Market deregulation has now arrived in the UK broadband market. Ofcom has decided that for 70% of the country that the regulations governing the price of BT Wholesale services can be removed. Precisely what will happen now is unclear, as the removal of regulation makes it much harder to predict the path forward. The Ofcom press release provides more information and a link to a long (155 page) document reviewing the market. Ofcom has produced a map showing the parts of the UK that face deregulation. The red areas which represent Market 3 are where the rules are changing.
Ofcom has previously indicated it was looking at the UK as 4 distinct market areas, and the largest area is where no single wholesale provider holds a significant market power. Unsurprisingly this is the area where Virgin Media, BT and the various LLU operators offer services. In these areas as of December 2007, BT Wholesale had a 38.3% market share, Virgin Media 29.6% and LLU 32.2%.

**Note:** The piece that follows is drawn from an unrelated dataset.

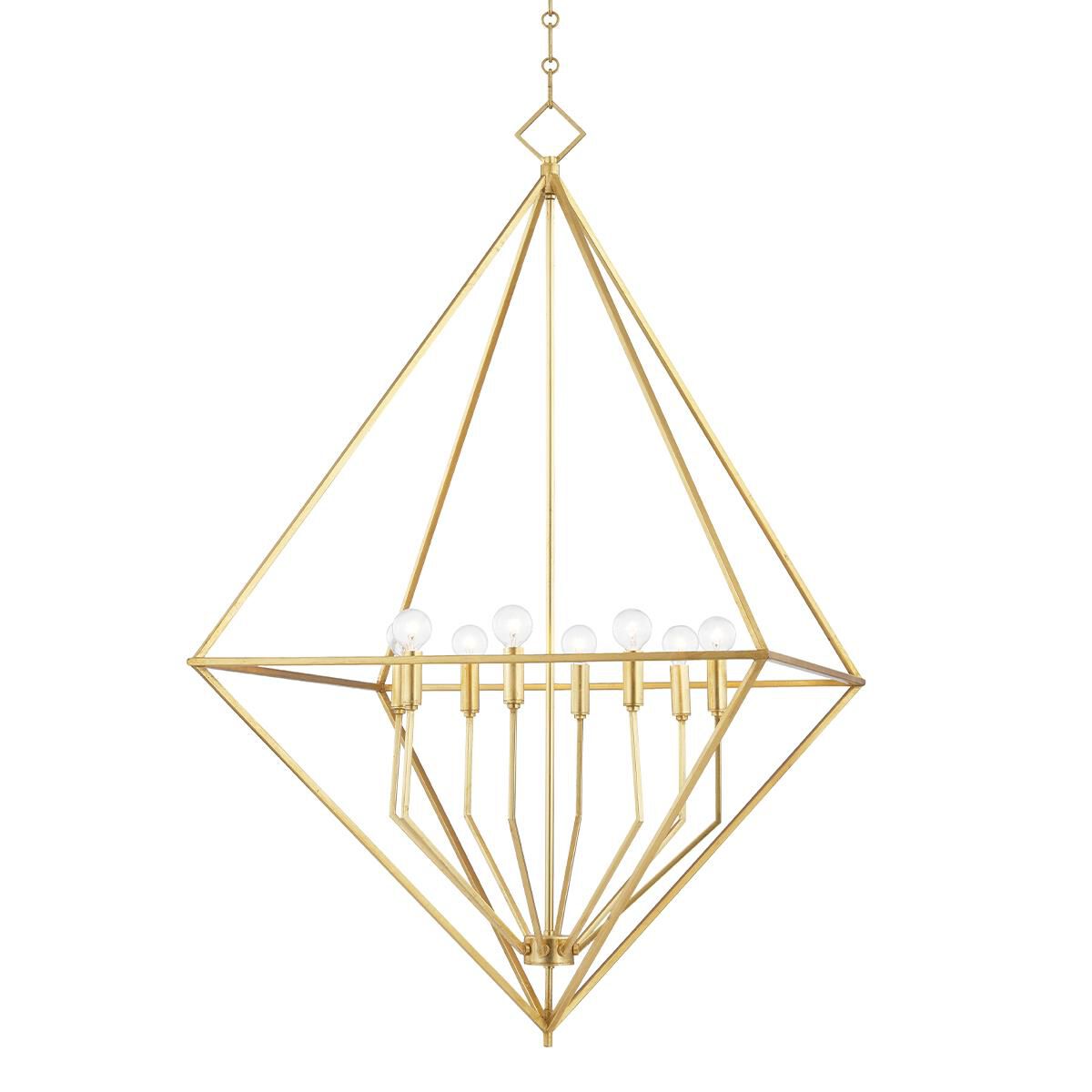 Haines 32 Inch Cage Pendant by Hudson Valley Lighting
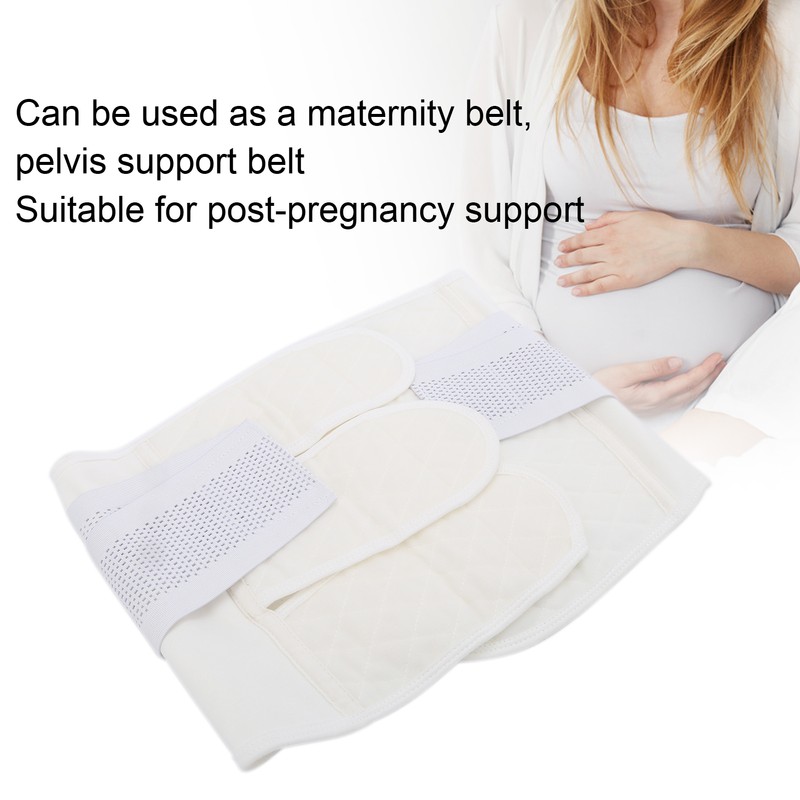 Postpartum Belly Wrap Support Pelvis Belt Band Breathable Stretchable Girdle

"This is a major step forward in the UK broadband market reflecting the success we have had in promoting effective competition. It shows that we are determined to deregulate wherever we can do so in a way that is consistent with the broader public interest. We now need to build on these foundations and see timely investment and a competitive market emerge for next generation access as well."Ed Richards, (Chief Executive) Ofcom
The above statement from Ed Richards reveals that Ofcom hopes that by removing the regulations it may kick start investment in true next generation access products which in turn may see connections speeds of 100Mbps becoming affordable to consumers. Whether this is what will happen is impossible to predict, and the current economic environment may actually put paid to large investment projects. It should be noted that this is not refering to 21CN and WBC as next generation products. Given the penetration of ADSL2+ across the UK already, WBC is currently BT Wholesale playing catch-up.
Removing the regulations on BT Wholesale may see the differences in pricing for its WBC and IPStream products for different parts of the country widening, which may see even BT Wholesale based providers offering two teir pricing in the country. One can presume that BT Wholesale will charge less in the densely populated areas in an attempt to compete with LLU and cable services but with the removal of the rules one wonders what measures are in place to ensure the continued availability of wholesale products. BT Wholesale could simply wind up its operations over time for parts of the country and the BT Group could only provide DSL based broadband via BT Retail. The effects on the smaller sub 150,000 customer providers could be dramatic if the way forward is to make wholesale agreements with LLU providers but still retain a smaller access network from BT Wholesale for the remaining 30% of the country.
Perhaps the plus side is the idea that we may see the BT Group more likely to start investment in fibre deployments especially if the requirement for wholesale access is removed. Though given that LLU controls would appear to still be in place it seems unlikely that BT could rip out the copper local loop and replace it with fibre. Any fibre deployment would have to be alongside the copper loop.
Just as with the introduction of Capacity Based Pricing in 2004, it took some years for the full effects to be felt as providers lowered prices by reducing the amount of over capacity they had, though at the time the vast majority welcomed the lowering in retail prices.
Who knows, Ofcom may have its wish and see more investment in next generation access, but given the market pressures to compete at the retail price level it seems likely that if we ever see widespread 50Mbps and 100Mbps product options that they will be highly contended perhaps at 100:1 or even higher levels. Some ADSL providers already contend at levels like this to keep prices low, so those who wish for fibre with its high connection speed and reliability may get their wish, but actual performance during normal waking hours will probably be no different to a 2Mbps connection of a few years ago.
Whatever happens, by using different rules in the different parts of the UK the danger of widening the digital divide is greater than ever. Three years time should see some 50% of UK households with the option of 50Mbps services from Virgin Media and possibly a patchwork of 50Mbps or faster services from other providers, but the remaining 30% look set at present to be left with ADSL2+ from BT Wholesale as the maximum offering for some time.